F’ville cops bust 5 store workers for underage alcohol sales
It really doesn’t pay to sell alcohol to underage buyers. That is what the clerks at five Fayetteville convenience stores found out Nov. 26. All were arrested after selling to an underage buyer who was working with Fayetteville Police. The good news is that seven other stores refused to make the sale.
Department spokesperson Det. Mike Whitlow said the underage buyer worked with members of the Fayetteville Police Criminal Investigations Unit and the Fayetteville Police Warrant Unit as they conducted Special Operation Beer Buy 2010.
“This operation used an underage informant to attempt to purchase alcohol from the 12 convenience stores in the city. The informant was successful in those attempts in five of those 12 stores,” Whitlow said.
Whitlow said the purchases were made during the late evening and nighttime hours.
The stores and employees charged with selling alcohol included Vikki Kelly at Thomas BP on North Glynn Street, Nisar Rana at Star BP on North Glynn Street, Daljit Sahney at the Village Market on North Glynn Street, Musharaf Khan at the Pit Stop North/Phillips 66 on North Glynn Street and Kelly Martin at Grady BP on West Lanier Avenue.

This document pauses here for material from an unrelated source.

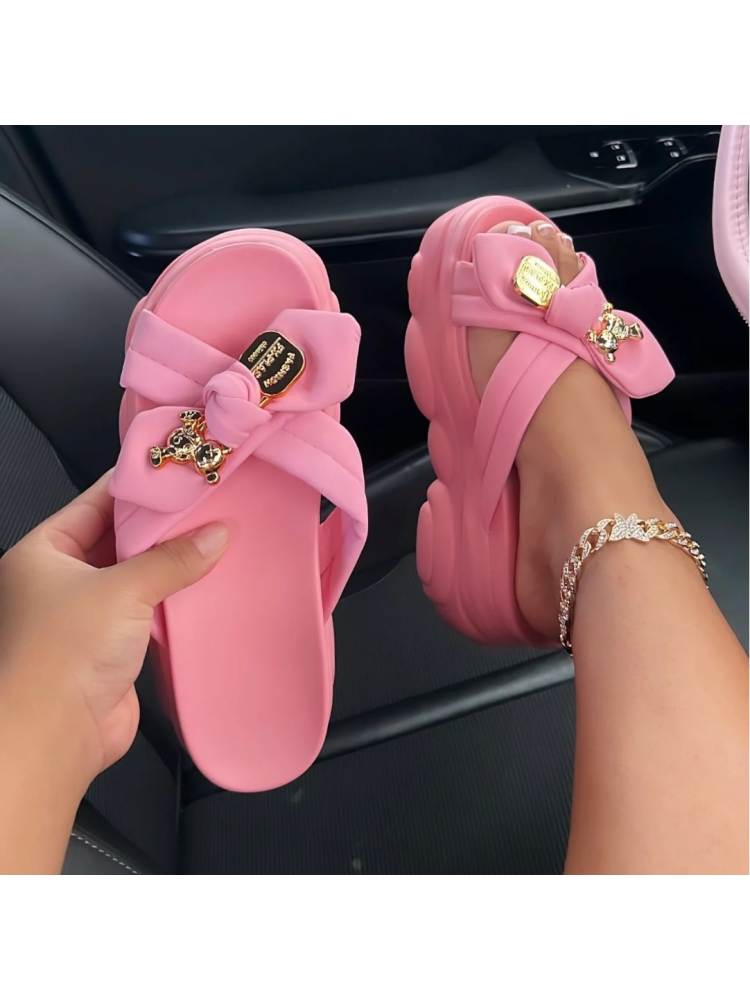 Pink bow platform slippers for women with decorative gold accents and comfortable thick sole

Commenting on the operation, Whitlow said he was surprised that so many stores were willing to sell alcohol without any identification being shown. Whitlow also said it was to the credit of the other stores for refusing the sale after asking for identification.
Whitlow said his department conducts similar operations around the city and has made arrests on previous occasions. The Nov. 26 operation also coincided with complaints from area residents that underage sales were occurring.

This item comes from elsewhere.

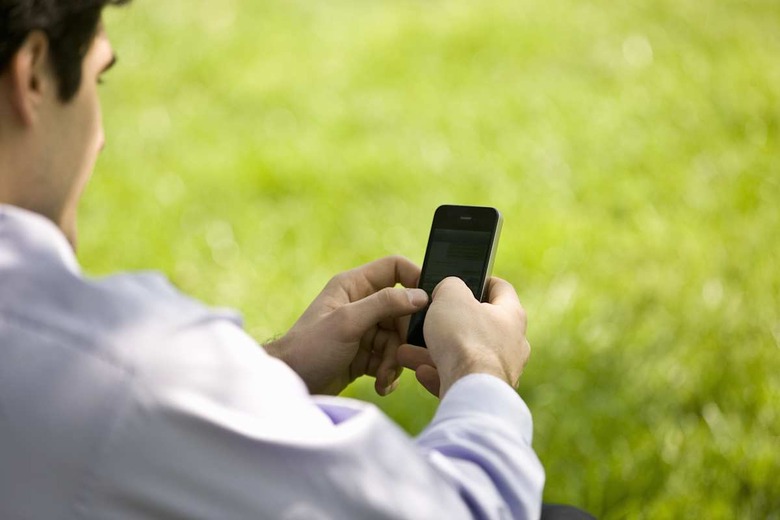 A businessman sitting on the grass, using his mobile phone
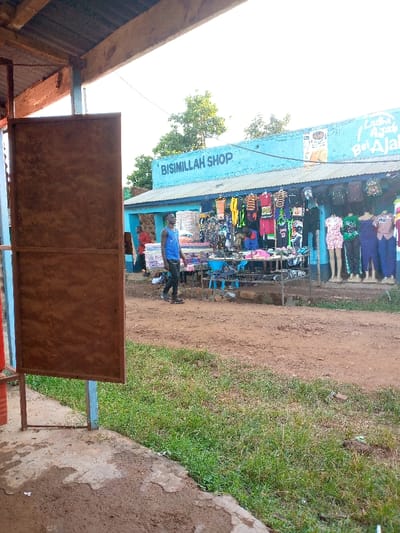A street scene shows a blue building with "Bismillah Shop" painted on the front. Clothing and mannequins are displayed under the awning. A man in a blue tank top walks past the shop. A rusty metal structure stands in the foreground on the left. The ground is a mix of dirt and green grass. The scene is bathed in daylight.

Viewed from the broader aspects of the consequences of selling to underage buyers, Whitlow said officers are always concerned with the number of cases involving minors possessing alcohol.
“We’ve had a lot of this activity this year here and countywide. And we’re concerned about the incidence of DUI’s that often accompany possession,” Whitlow said. “This type of operation is one way to safeguard minors and the community.”